GWINN - For 100 years, the Gwinn Clubhouse had played an important role in the lives of Forsyth Township residents.
"It was the center of everything when I was a kid," said 82-year-old Richard "Chic" LaFave, who grew up in Gwinn. "Especially athletics. There was basketball, a pool hall, ping pong, a bowling alley... just about everything.
The 100-year-old Gwinn Clubhouse sign is seen. (Journal photo by Renee Prusi)
"I remember the bowling alley. I used to set pins there," he said. "They would throw the ball and it would sound like a cannon."
The Gwinn Clubhouse was constructed in 1910 by what was then Cleveland Cliffs Inc., which was responsible for much of the set up of the community of Gwinn as a model town. The clubhouse was truly a community center.
For 90-year-old Joe Meni, one of the most vivid memories of the clubhouse was its practicality.
"As old as I am, I still remember looking up to the sky for Santa's sleigh."
- GLORIA KOSKI LAFAVE, sharing a memory of the Gwinn Clubhouse
"I would take a shower here every Saturday. You'd come down with your own soap and your own towel," Meni said. "We didn't have showers at home, so this is where you came once a week to take one."
Gloria Koski LaFave, Chic's wife, is another Gwinn native.

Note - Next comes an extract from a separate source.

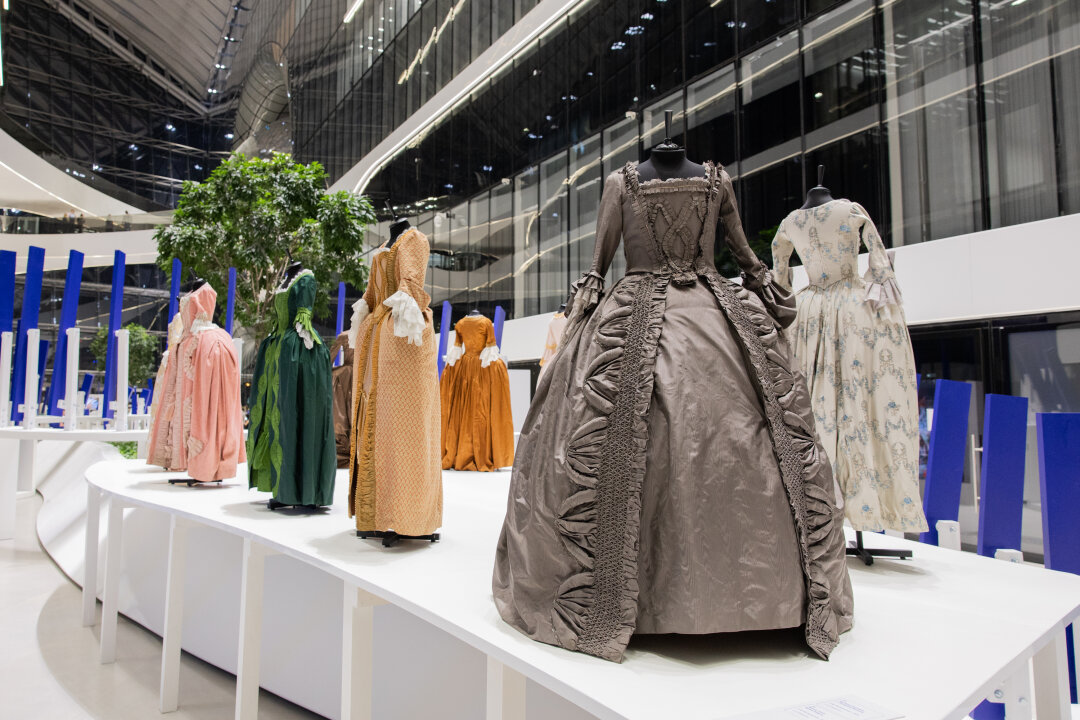 Фрагмент инсталляции «Путь шедевра», рассказывающий о фильме «Императрицы» (2023) с Юлией Пересильд и Анастасией Талызиной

She grew up on Maple Street and she and Chic were neighbors. The two first started dating when Gloria was 13 and Chic was 15.
"My Dad was the constable in town," said Gloria, who is now 80.
"And I also knew her father was the constable," Chic laughed.
"The clubhouse was the center for all kids. We hung out here," she said. "There was a soda fountain in the drop-in center here. There was a library. We taught the boys to dance here.
"It was a great place to hang out."
The lot behind the building was busy during the warm months.
"It was a great lot in the summertime," Chic said. "There were baseball and football games going on. Whoever happened to be there, that's who played."
One tradition in particular has stayed with Gloria all these years.
"We used to have a bonfire and we roasted potatoes in it just before we went back to school," she said. "That was so much fun."
Tennis courts and an ice rink were part of the complex as well.
"CCI was good to the people in Gwinn," Chic said. "I don't know what we would have done without them. The clubhouse gave us a place to congregate."
The gymnasium in the upper portion of the clubhouse served many purposes.
"The Gwinn High basketball teams played there for many years," Chic said.
"We used to use the gym for a Halloween party every year," Gloria said. "And there were wedding receptions there."
Including Chic and Gloria's in 1952.
At Christmas, the Gwinn Clubhouse really came to life.
"Santa Claus would be here and all the kids would come in," Meni said. "Santa would give everybody a bag of candy. And an orange."
Gloria said the firemen would give out the candy as Santa's helpers.
"As old as I am, I still remember looking up to the sky for Santa's sleigh," she said. "And I remember we would all sing carols. It was lovely."
Madeleine DelBello, 92, smiles when she speaks of her clubhouse memories.
"As a kid, I would come here for the Saturday movies. It was five cents," she said. "If it was a Harold Lloyd picture, then it was a dime. They even had someone playing the piano for awhile.
"And we would walk here from the school for our gym classes," she said. "Then you'd walk back to school for your next class. In the wintertime, it was so cold."
Chic said said much of the credit for how well the center was run in its early days must go to the couple in charge.
"Oscar and Ellen Nordeen ran the place. They lived in the apartment upstairs," he said. "They kept this place immaculate. There were like parents to all of the kids. They were there to help us. We respected this place. We always did."
But the Gwinn Clubhouse is not just happy memories: It is still a vital place. From exercise classes to dessert parties to meetings, the Gwinn Clubhouse is still an important building in the community.
"This is a busy place, just about every day," Gloria said.